■ Your instructions
Please restate, exactly as written, the lines running from the beginning of the material through the line that has "X0000097970444200804211015" in it.

■ Material for this exercise

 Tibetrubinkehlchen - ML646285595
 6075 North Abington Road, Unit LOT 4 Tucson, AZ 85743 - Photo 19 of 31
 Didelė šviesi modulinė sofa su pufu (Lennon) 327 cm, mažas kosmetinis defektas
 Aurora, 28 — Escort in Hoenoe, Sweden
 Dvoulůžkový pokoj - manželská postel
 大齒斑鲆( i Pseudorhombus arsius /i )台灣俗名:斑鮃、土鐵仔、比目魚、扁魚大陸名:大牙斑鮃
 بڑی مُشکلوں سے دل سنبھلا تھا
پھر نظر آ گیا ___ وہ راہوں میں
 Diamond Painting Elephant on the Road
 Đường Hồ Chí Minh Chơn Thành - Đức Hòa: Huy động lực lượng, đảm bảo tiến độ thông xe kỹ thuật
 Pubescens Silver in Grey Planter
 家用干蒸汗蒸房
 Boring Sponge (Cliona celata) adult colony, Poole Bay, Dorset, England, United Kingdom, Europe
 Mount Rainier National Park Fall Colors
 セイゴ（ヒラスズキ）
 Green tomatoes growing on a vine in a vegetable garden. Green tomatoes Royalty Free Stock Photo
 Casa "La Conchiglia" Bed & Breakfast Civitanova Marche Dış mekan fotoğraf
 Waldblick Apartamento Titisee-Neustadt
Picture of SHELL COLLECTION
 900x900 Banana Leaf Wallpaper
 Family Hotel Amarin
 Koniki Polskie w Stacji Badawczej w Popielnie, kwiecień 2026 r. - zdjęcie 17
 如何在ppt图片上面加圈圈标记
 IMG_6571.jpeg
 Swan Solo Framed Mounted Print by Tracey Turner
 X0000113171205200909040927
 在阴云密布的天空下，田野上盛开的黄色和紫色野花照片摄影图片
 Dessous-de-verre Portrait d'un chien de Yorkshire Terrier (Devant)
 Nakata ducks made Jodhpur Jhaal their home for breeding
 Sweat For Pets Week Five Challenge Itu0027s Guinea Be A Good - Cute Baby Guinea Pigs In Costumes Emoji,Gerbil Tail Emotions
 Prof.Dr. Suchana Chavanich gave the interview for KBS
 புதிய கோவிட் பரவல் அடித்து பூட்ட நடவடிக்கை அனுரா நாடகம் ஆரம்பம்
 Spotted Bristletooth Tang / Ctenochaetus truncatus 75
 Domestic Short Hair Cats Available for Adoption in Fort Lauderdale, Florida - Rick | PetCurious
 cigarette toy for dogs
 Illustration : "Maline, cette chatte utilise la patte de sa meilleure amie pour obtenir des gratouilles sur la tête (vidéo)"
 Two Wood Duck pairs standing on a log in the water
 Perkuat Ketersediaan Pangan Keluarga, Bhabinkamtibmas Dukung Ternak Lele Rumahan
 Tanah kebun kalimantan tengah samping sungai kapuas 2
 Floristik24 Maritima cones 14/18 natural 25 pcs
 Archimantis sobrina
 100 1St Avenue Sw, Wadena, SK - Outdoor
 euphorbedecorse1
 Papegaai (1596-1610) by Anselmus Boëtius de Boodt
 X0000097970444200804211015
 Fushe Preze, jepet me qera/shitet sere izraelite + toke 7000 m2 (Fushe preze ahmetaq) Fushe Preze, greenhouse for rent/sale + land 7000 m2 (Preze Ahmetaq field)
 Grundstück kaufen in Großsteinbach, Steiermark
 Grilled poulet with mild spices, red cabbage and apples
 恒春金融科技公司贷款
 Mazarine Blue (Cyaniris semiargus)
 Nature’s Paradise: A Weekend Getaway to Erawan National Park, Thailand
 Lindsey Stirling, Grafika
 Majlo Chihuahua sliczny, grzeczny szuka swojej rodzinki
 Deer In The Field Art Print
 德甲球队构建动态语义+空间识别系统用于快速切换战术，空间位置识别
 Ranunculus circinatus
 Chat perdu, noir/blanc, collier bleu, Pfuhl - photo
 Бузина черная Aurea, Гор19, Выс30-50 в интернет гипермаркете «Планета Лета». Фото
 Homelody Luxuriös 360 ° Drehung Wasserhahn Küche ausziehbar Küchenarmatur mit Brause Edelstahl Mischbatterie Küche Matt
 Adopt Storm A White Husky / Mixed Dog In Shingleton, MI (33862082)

■ Solution
 Tibetrubinkehlchen - ML646285595
 6075 North Abington Road, Unit LOT 4 Tucson, AZ 85743 - Photo 19 of 31
 Didelė šviesi modulinė sofa su pufu (Lennon) 327 cm, mažas kosmetinis defektas
 Aurora, 28 — Escort in Hoenoe, Sweden
 Dvoulůžkový pokoj - manželská postel
 大齒斑鲆( i Pseudorhombus arsius /i )台灣俗名:斑鮃、土鐵仔、比目魚、扁魚大陸名:大牙斑鮃
 بڑی مُشکلوں سے دل سنبھلا تھا
پھر نظر آ گیا ___ وہ راہوں میں
 Diamond Painting Elephant on the Road
 Đường Hồ Chí Minh Chơn Thành - Đức Hòa: Huy động lực lượng, đảm bảo tiến độ thông xe kỹ thuật
 Pubescens Silver in Grey Planter
 家用干蒸汗蒸房
 Boring Sponge (Cliona celata) adult colony, Poole Bay, Dorset, England, United Kingdom, Europe
 Mount Rainier National Park Fall Colors
 セイゴ（ヒラスズキ）
 Green tomatoes growing on a vine in a vegetable garden. Green tomatoes Royalty Free Stock Photo
 Casa "La Conchiglia" Bed & Breakfast Civitanova Marche Dış mekan fotoğraf
 Waldblick Apartamento Titisee-Neustadt
Picture of SHELL COLLECTION
 900x900 Banana Leaf Wallpaper
 Family Hotel Amarin
 Koniki Polskie w Stacji Badawczej w Popielnie, kwiecień 2026 r. - zdjęcie 17
 如何在ppt图片上面加圈圈标记
 IMG_6571.jpeg
 Swan Solo Framed Mounted Print by Tracey Turner
 X0000113171205200909040927
 在阴云密布的天空下，田野上盛开的黄色和紫色野花照片摄影图片
 Dessous-de-verre Portrait d'un chien de Yorkshire Terrier (Devant)
 Nakata ducks made Jodhpur Jhaal their home for breeding
 Sweat For Pets Week Five Challenge Itu0027s Guinea Be A Good - Cute Baby Guinea Pigs In Costumes Emoji,Gerbil Tail Emotions
 Prof.Dr. Suchana Chavanich gave the interview for KBS
 புதிய கோவிட் பரவல் அடித்து பூட்ட நடவடிக்கை அனுரா நாடகம் ஆரம்பம்
 Spotted Bristletooth Tang / Ctenochaetus truncatus 75
 Domestic Short Hair Cats Available for Adoption in Fort Lauderdale, Florida - Rick | PetCurious
 cigarette toy for dogs
 Illustration : "Maline, cette chatte utilise la patte de sa meilleure amie pour obtenir des gratouilles sur la tête (vidéo)"
 Two Wood Duck pairs standing on a log in the water
 Perkuat Ketersediaan Pangan Keluarga, Bhabinkamtibmas Dukung Ternak Lele Rumahan
 Tanah kebun kalimantan tengah samping sungai kapuas 2
 Floristik24 Maritima cones 14/18 natural 25 pcs
 Archimantis sobrina
 100 1St Avenue Sw, Wadena, SK - Outdoor
 euphorbedecorse1
 Papegaai (1596-1610) by Anselmus Boëtius de Boodt
 X0000097970444200804211015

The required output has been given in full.